### WORK REQUIRED
Set down exactly the lines from the one containing "Imagem aérea mostra" to the final line of the records below, with every picture omitted.

===== DATA

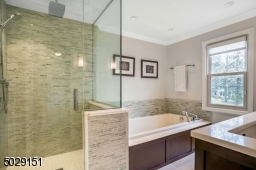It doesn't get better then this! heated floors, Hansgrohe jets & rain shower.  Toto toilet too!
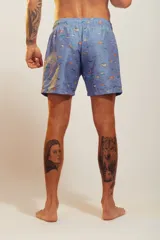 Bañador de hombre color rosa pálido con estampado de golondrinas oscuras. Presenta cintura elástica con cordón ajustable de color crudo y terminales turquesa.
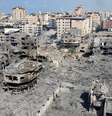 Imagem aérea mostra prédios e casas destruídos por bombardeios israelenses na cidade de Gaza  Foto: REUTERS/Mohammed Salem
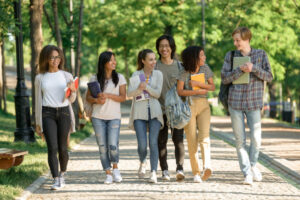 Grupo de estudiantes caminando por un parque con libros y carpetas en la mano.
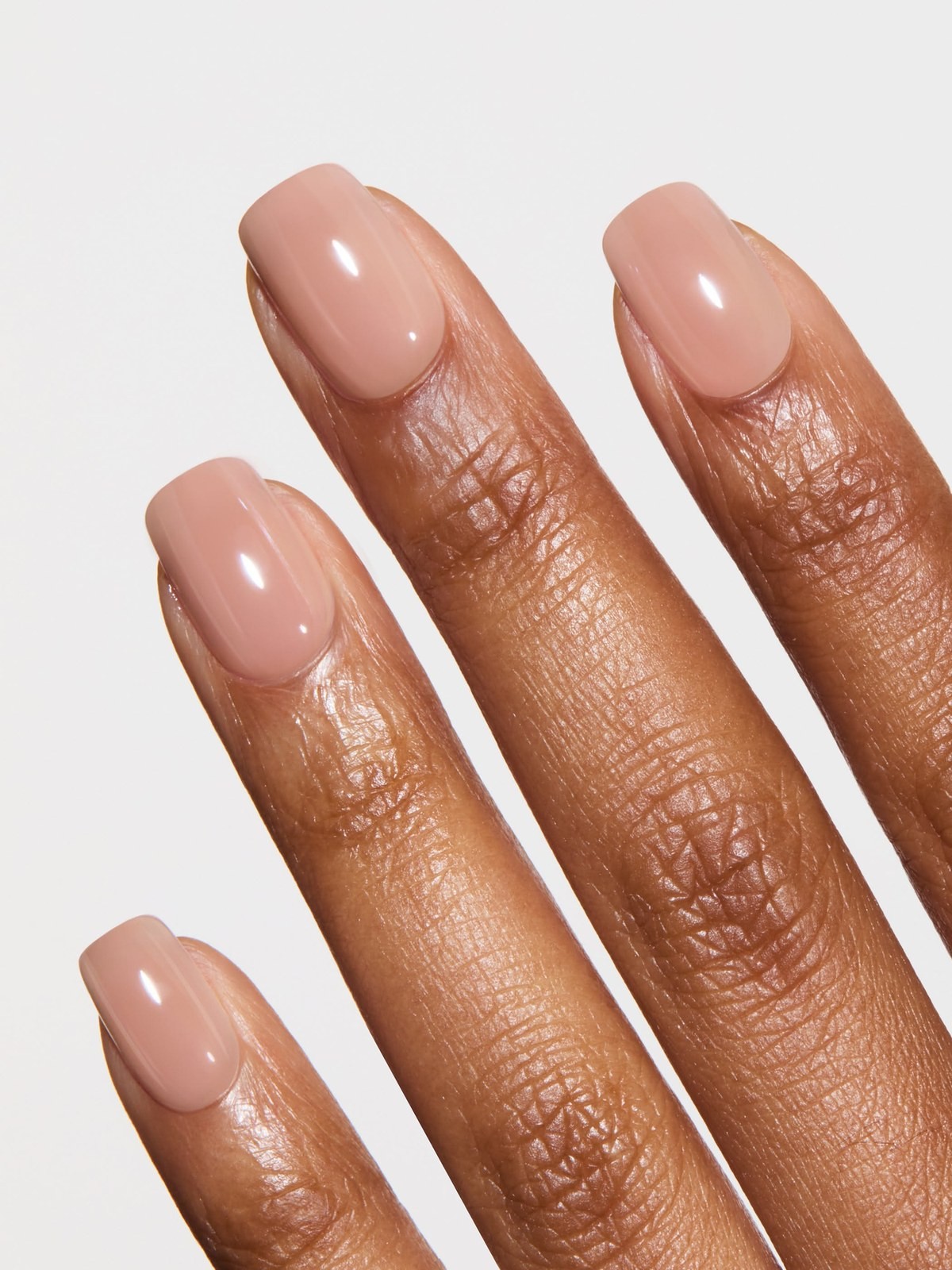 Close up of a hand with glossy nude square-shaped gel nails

==========

### SOLUTION FOR THIS EXERCISE
 Imagem aérea mostra prédios e casas destruídos por bombardeios israelenses na cidade de Gaza  Foto: REUTERS/Mohammed Salem
 Grupo de estudiantes caminando por un parque con libros y carpetas en la mano.
 Close up of a hand with glossy nude square-shaped gel nails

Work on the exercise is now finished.